I am trying to fetch genbank files from a list of given accession ids, which are stored in a file, by using biopython. This is how I do it so far:
#!/usr/bin/env python
from sys import argv, stdout, exit
from Bio import SeqIO
from Bio import Entrez
Entrez.email='example@mail.com'
def searchInDb(searchFor):
handle = Entrez.efetch(db='nucleotide', id=searchFor, rettype='gb')
link = searchFor + ".gb"
local_file = open(link, 'w')
local_file.write(handle.read())
handle.close()
local_file.close()
if __name__ == '__main__':
if len(argv) != 2:
print '\tmissing file link'
exit(1)
name = argv[1]
with open(name, "r") as ins:
for line in ins:
ID = line.rstrip('\n')
print "Getting gb file for ", ID
searchInDb(ID)
However when I do it like this and later take a look at the .gb file, it is not complete, I dont have any information about the CDS or anything, but I need exactly those because later I want to parse from the gb file the gene_locus_tags as well as the position of the CDS on the genome and so on.

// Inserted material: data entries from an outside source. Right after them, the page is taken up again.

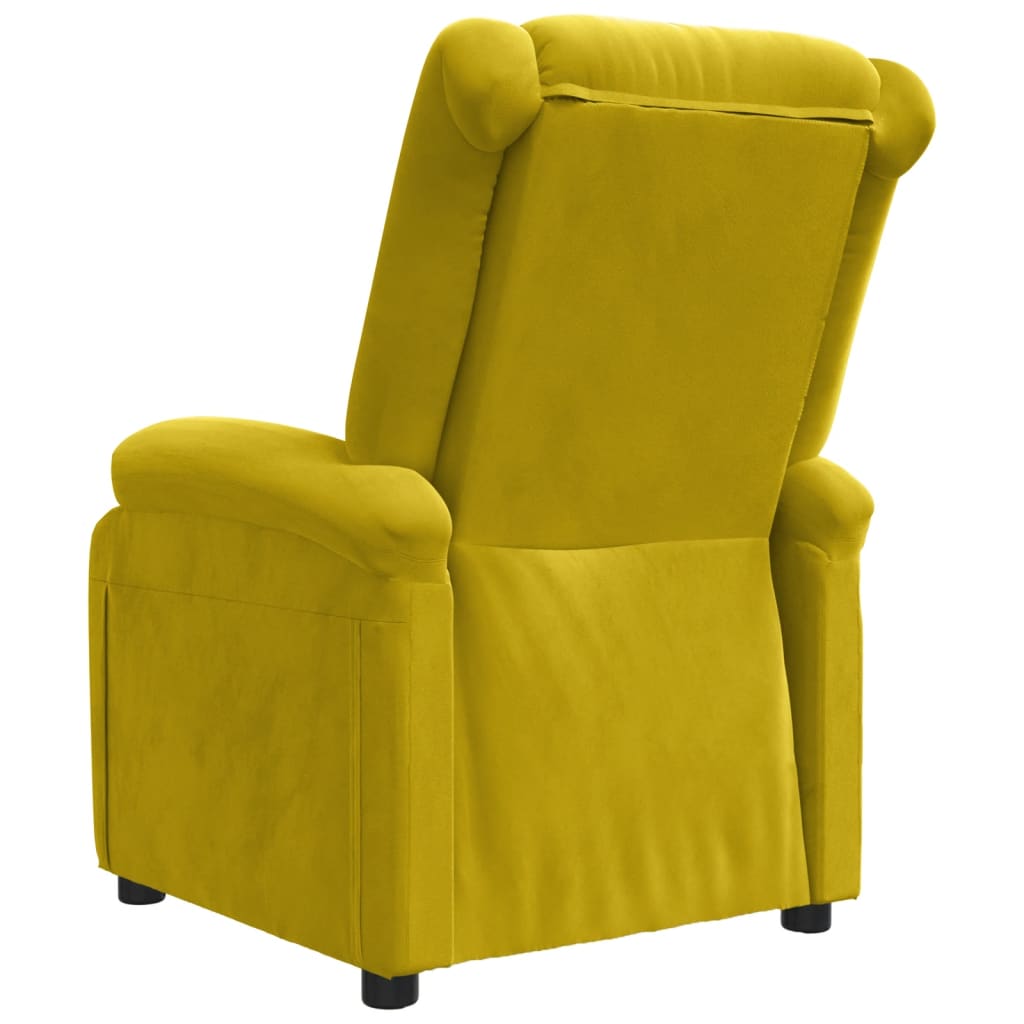 Recliner Chair Yellow Velvet
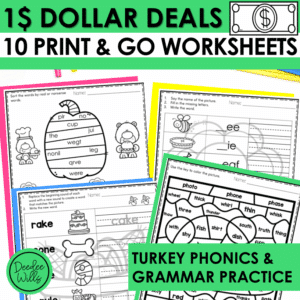 Thanksgiving Phonics Activities & Turkey Coloring Sheet Kindergarten Dollar Deal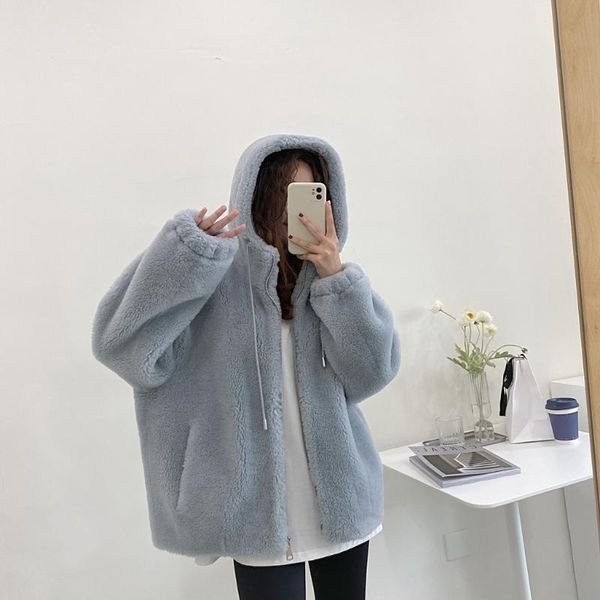granular lamb fur jacket women's hooded sheep shearling fur a korean version of the thickened contour to keep warm in winter, Black
granular lamb fur jacket women's hooded sheep shearling fur a korean version of the thickened contour to keep warm in winter, Black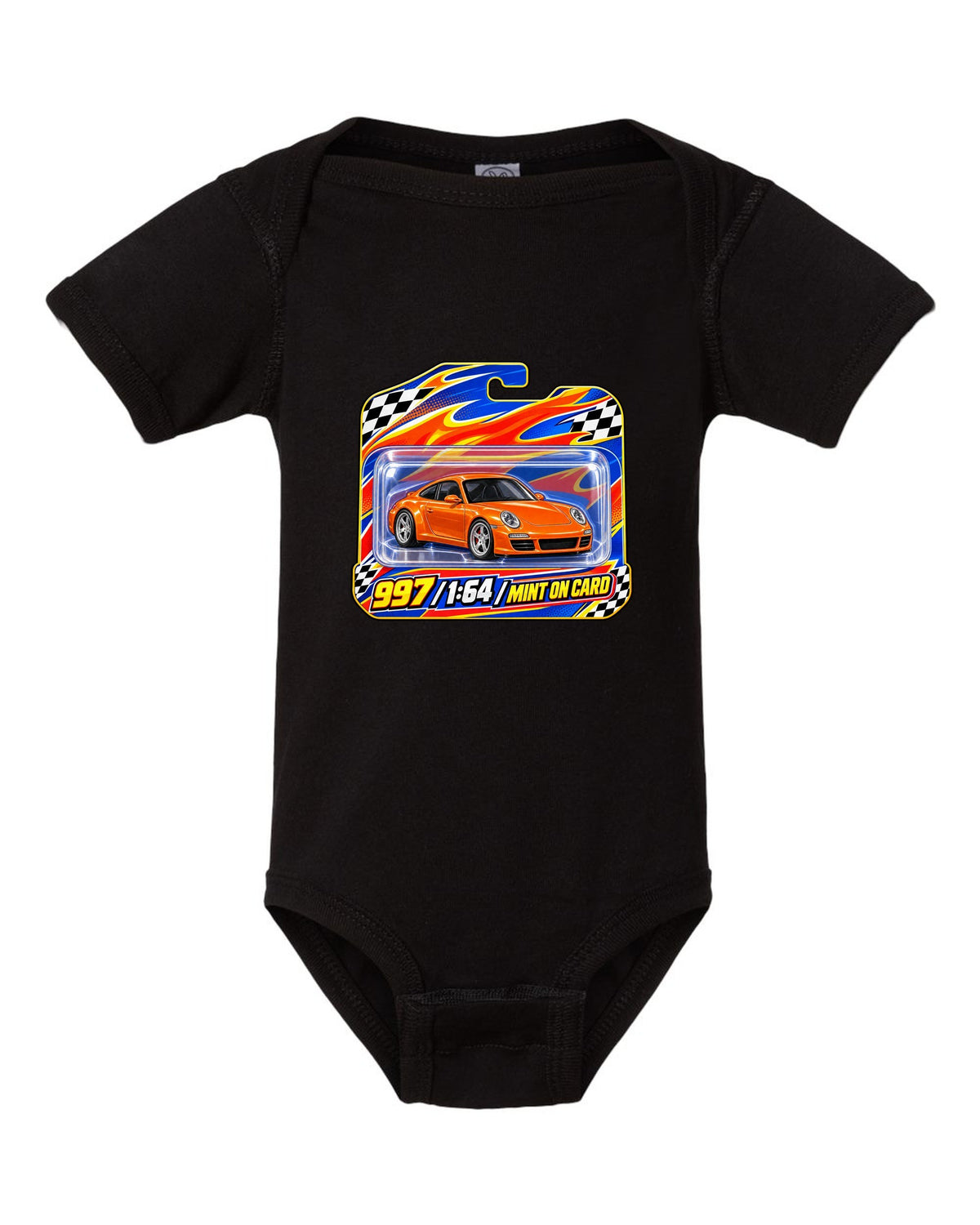 Sticker-bomb collage print of a Porsche 911 996 Carrera with the text 996 IMS never heard of it black baby onesie front view with the design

Does someone know how do I need to change my code so I achieve getting the complete .gb file??
Yes you are right. But when I manually download the gb files for my accessions, I have the complete file, so that is why I guessed my code is wrong. Taking for example this one: NC_021485, with my code the .gb file is not complete
use rettype=gbwithparts
https://eutils.ncbi.nlm.nih.gov/entrez/eutils/efetch.fcgi?db=nuccore&id=NC_021485&retmode=xml&rettype=gbwithparts
however, I'ts genbank/text don't know how to retrieve the XML output.
Yes, I tried it, and it works so far. thanks.